Task description — Give the records below again in full, exactly as written, but without any images.

Raw data —
========================

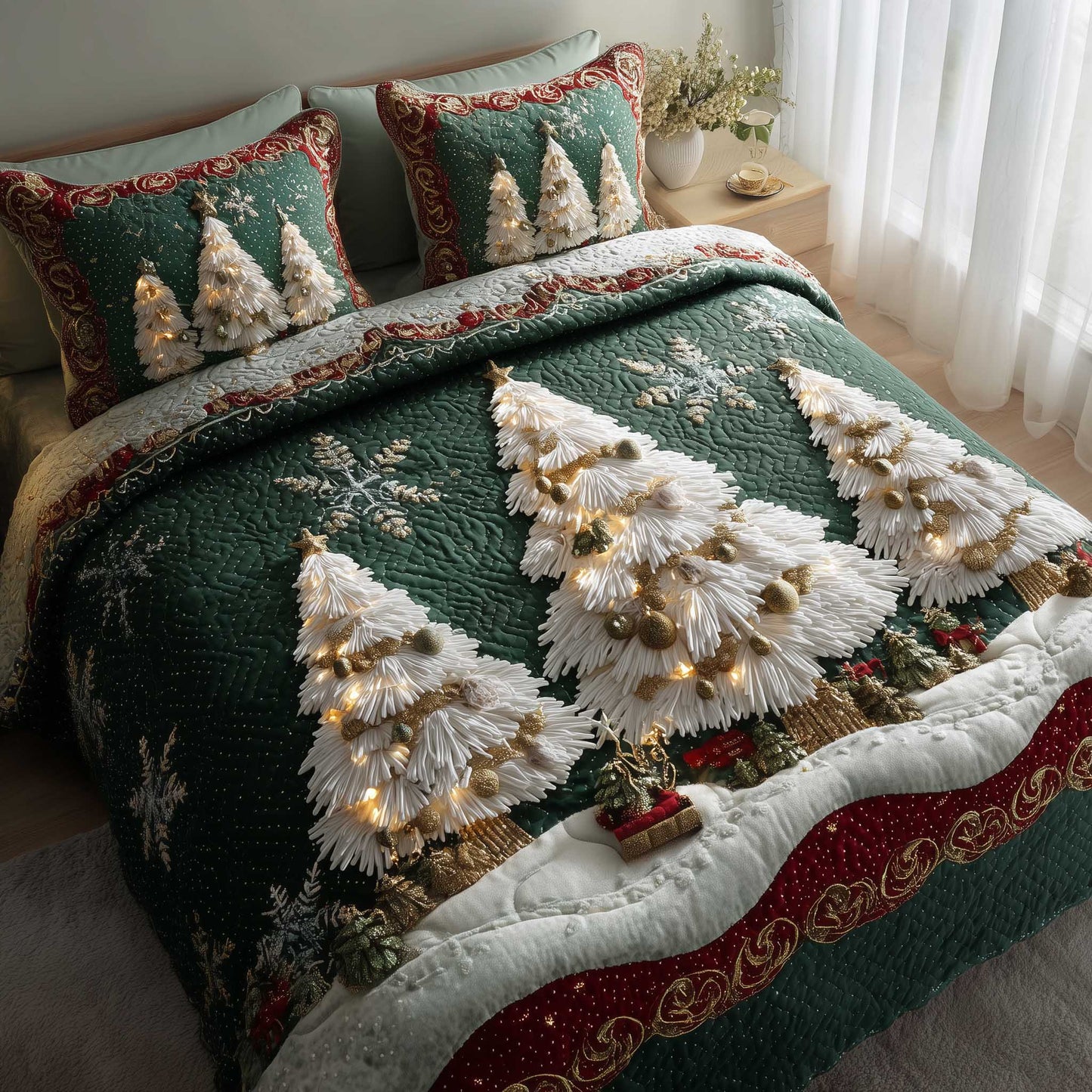 Christmas Tree Duvet Cover Set GFTOTP13876
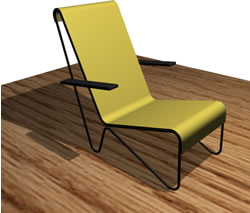 Chair in 3d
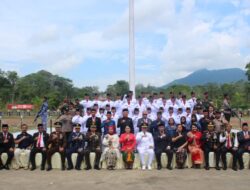 Peringati HUT RI Ke 80 Komandan Kodim 1209/Bengkayang Hadiri Upacara Pengibaran Bendera
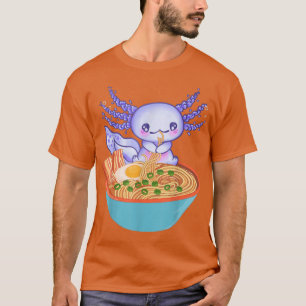 Ramen Axolotl Kawaii Japanese Anime Girls Teens Fo T-Shirt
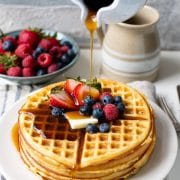 Bisquick Waffles with a Secret Ingredient! - The Seasoned Mom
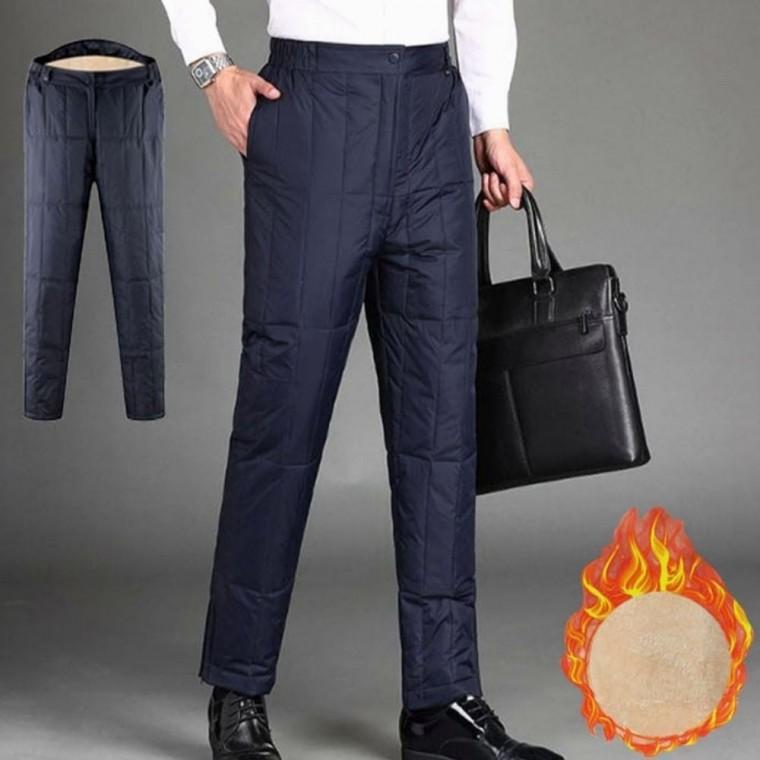 융털 패딩 남자 겨울 안감 방한 방한 혹한기 바지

========================

Written reply —
 Christmas Tree Duvet Cover Set GFTOTP13876
 Chair in 3d
 Peringati HUT RI Ke 80 Komandan Kodim 1209/Bengkayang Hadiri Upacara Pengibaran Bendera
 Ramen Axolotl Kawaii Japanese Anime Girls Teens Fo T-Shirt
 Bisquick Waffles with a Secret Ingredient! - The Seasoned Mom
 융털 패딩 남자 겨울 안감 방한 방한 혹한기 바지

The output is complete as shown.